▶ _Exercise brief_
A verbatim repetition of the data below is requested, without images.

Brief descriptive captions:
------------------------------------------------------------------------
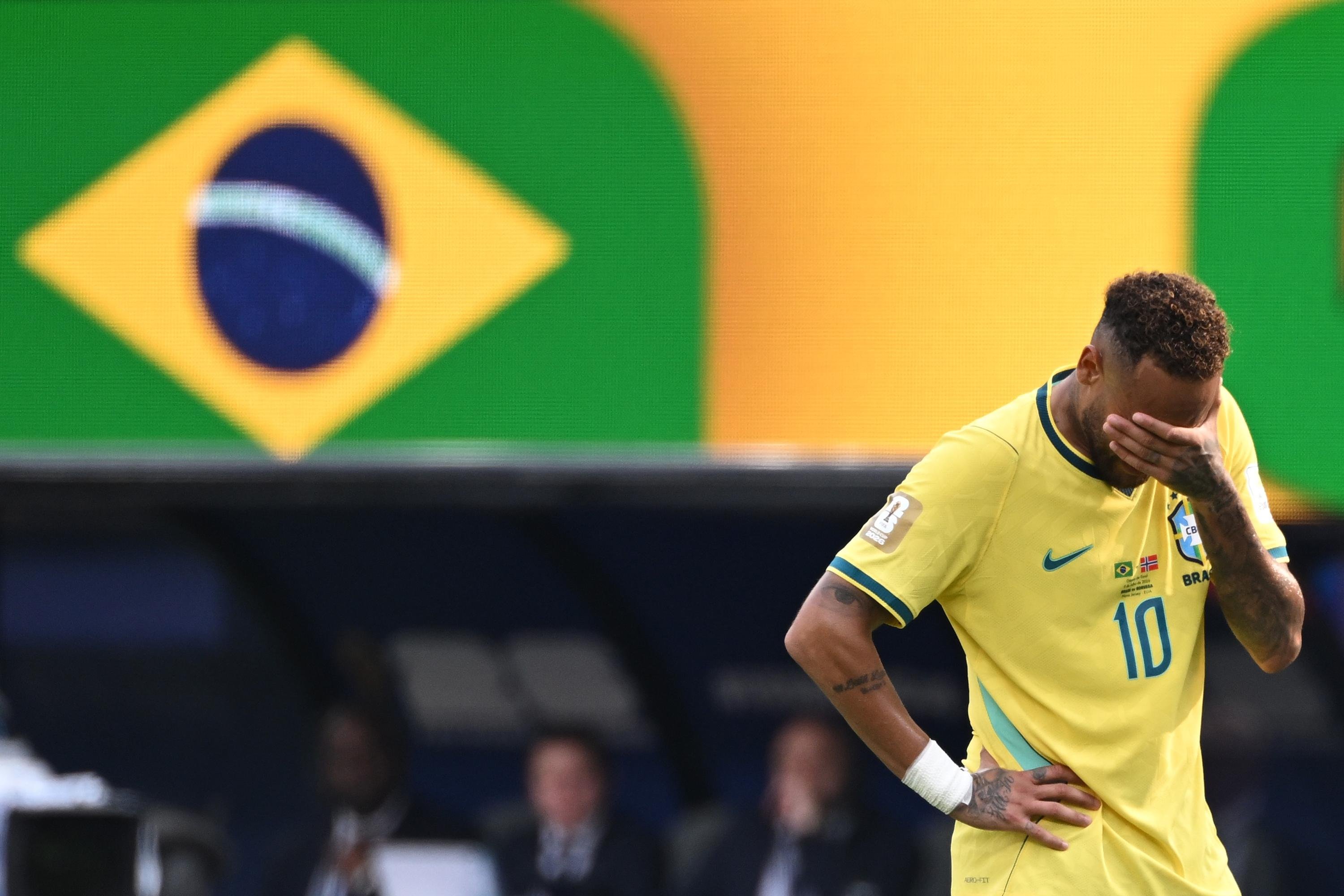 Neymar emocionou-se ao final da partida contra a Noruega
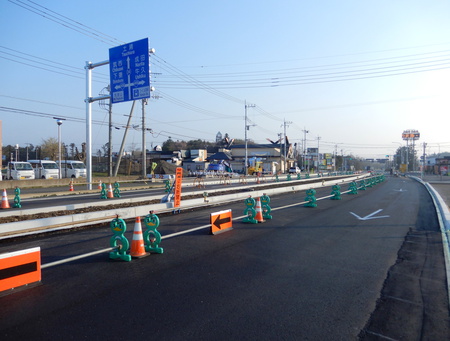 西平塚交差点からＢＩＧ　ＭＡＲＣＨＩまでの中央分離帯が繋がった！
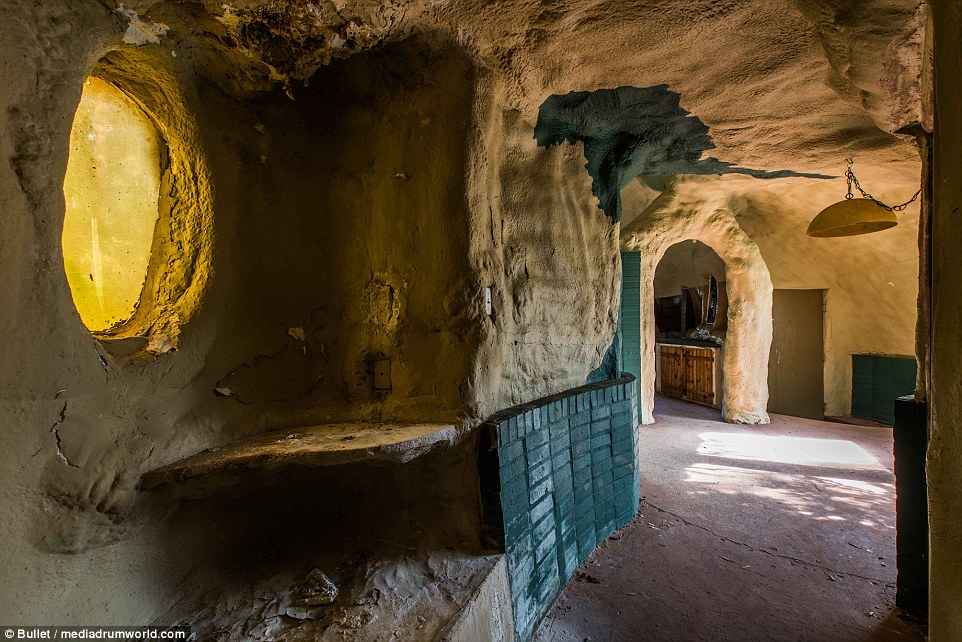 The house was built using liquid foam which was sprayed inside an inflatable balloon to build the walls and ceilings 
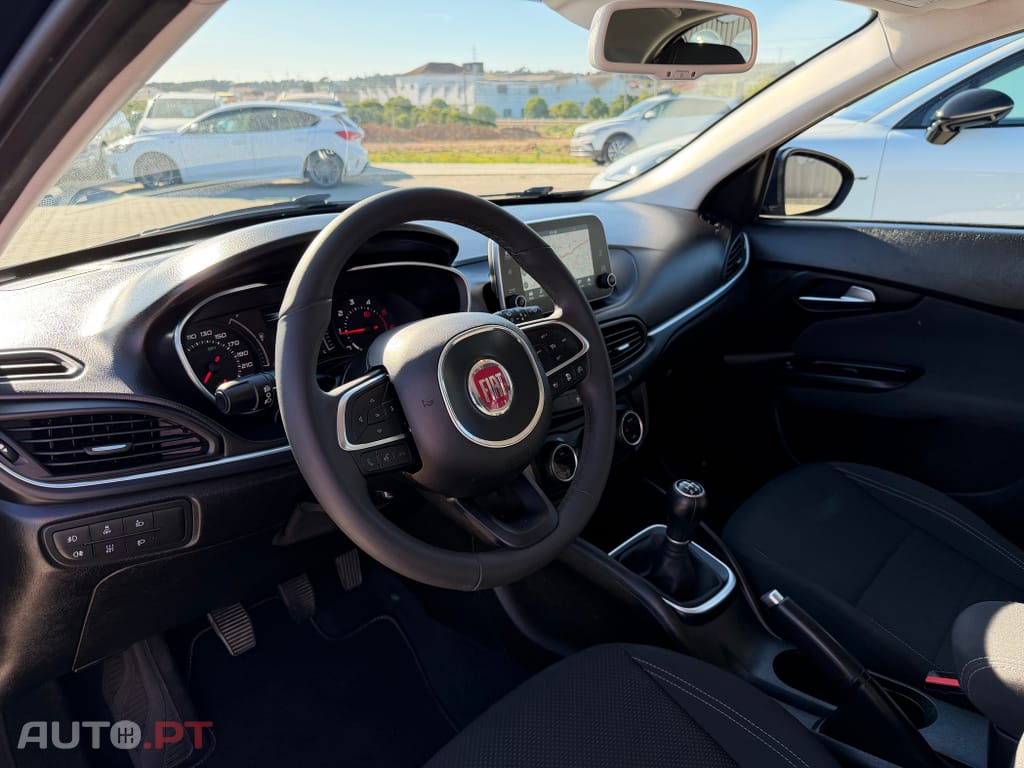 Fiat Tipo 1.3 M-Jet Lounge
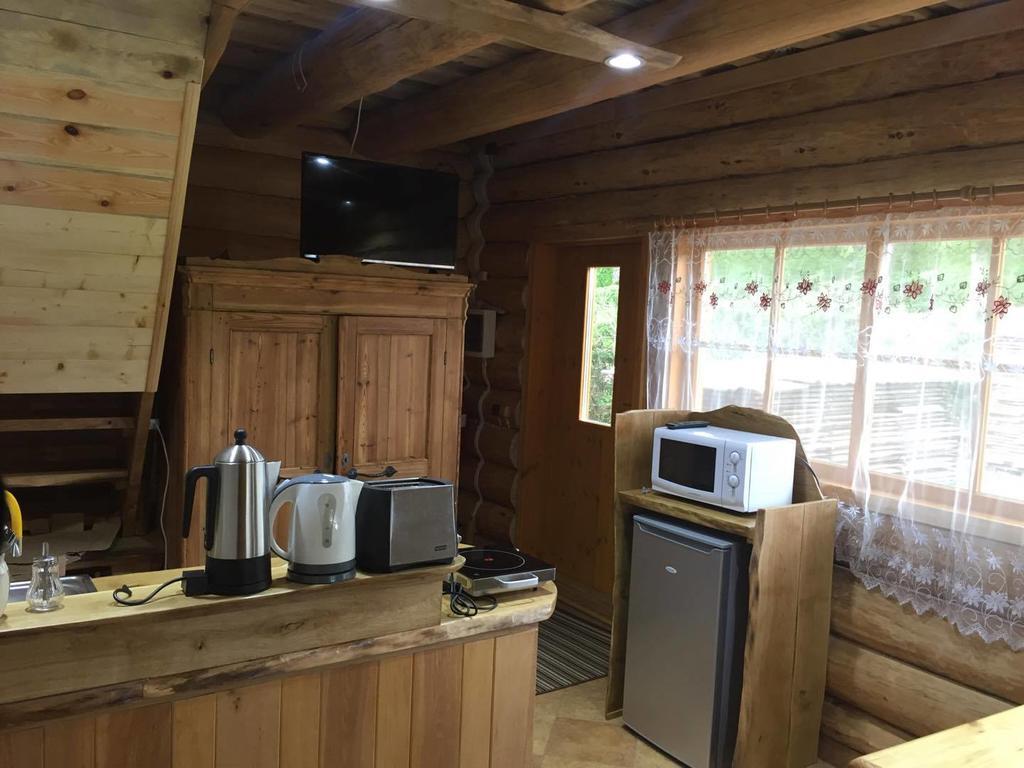 Ala-Laugu Holiday Home Leisi Εξωτερικό φωτογραφία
------------------------------------------------------------------------
▶ _Response to the task_
 Neymar emocionou-se ao final da partida contra a Noruega
 西平塚交差点からＢＩＧ　ＭＡＲＣＨＩまでの中央分離帯が繋がった！
 The house was built using liquid foam which was sprayed inside an inflatable balloon to build the walls and ceilings 
 Fiat Tipo 1.3 M-Jet Lounge
 Ala-Laugu Holiday Home Leisi Εξωτερικό φωτογραφία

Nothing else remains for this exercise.